1) How to set up Bernoulli's equation between two points when there is a head-changing device (i.e., pump) is present

2) How to calculate head-loss in fittings 

3) How to calculate friction head loss over a length of a pipe. 

 Techniques/short-cut equations utilized in the book to solve these were very helpful for me.


----------



## Hockey Eng (Oct 16, 2018)

new_at_this said:


> Comment on Goswami book:
> 
> I found this one very useful. I agree that the depth of the problem is not representative of what you see in the exam.

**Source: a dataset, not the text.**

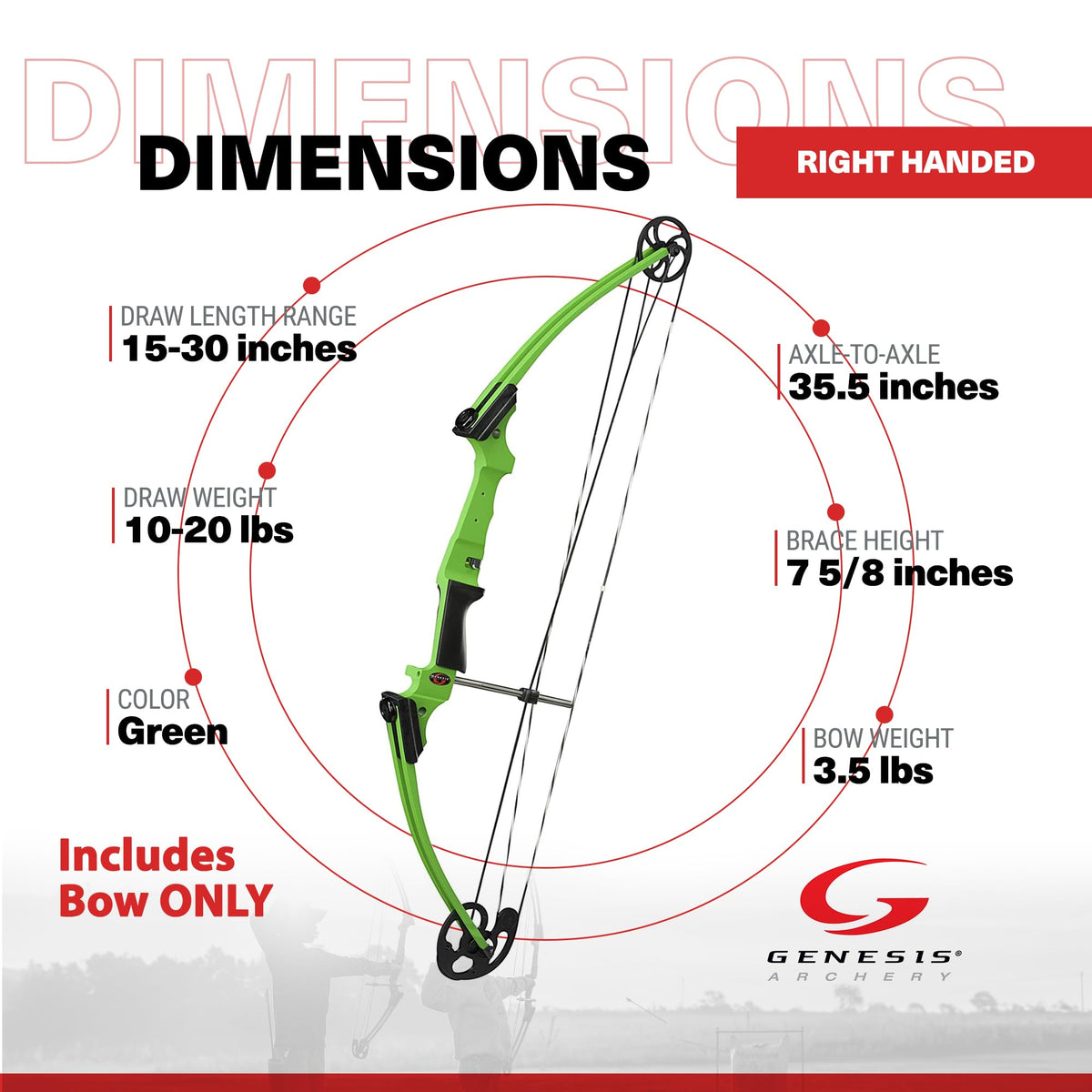 Genesis Archery Original Lightweight Compound Bow with Adjustable Aluminum Riser, 15"-30" Draw Length, 10-20 lb Draw Weight, for Kids and Adults, All Skill Levels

However, I found it useful because I broke down each of the example problem as multiple problems. For example, say, the example problem is about finding  power (hp) required to pump water from point A to point B where the pipes have several fittings/bends.
> 
> ...


I don't have anything to add to this I just wanted to say HELLO as I'm also in Orange County (Irvine).

Howdy.


----------



## new_at_this (Oct 18, 2018)

Hockey Eng said:


> I don't have anything to add to this I just wanted to say HELLO as I'm also in Orange County (Irvine).
> 
> Howdy.﻿


Hello. I am your neighbor in Costa Mesa


----------



## Hockey Eng (Oct 18, 2018)

new_at_this said:


> Hello. I am your neighbor in Costa Mesa


Aloha.  No chance you work at Mesa Water District is there?  Cause that would be spooky.


----------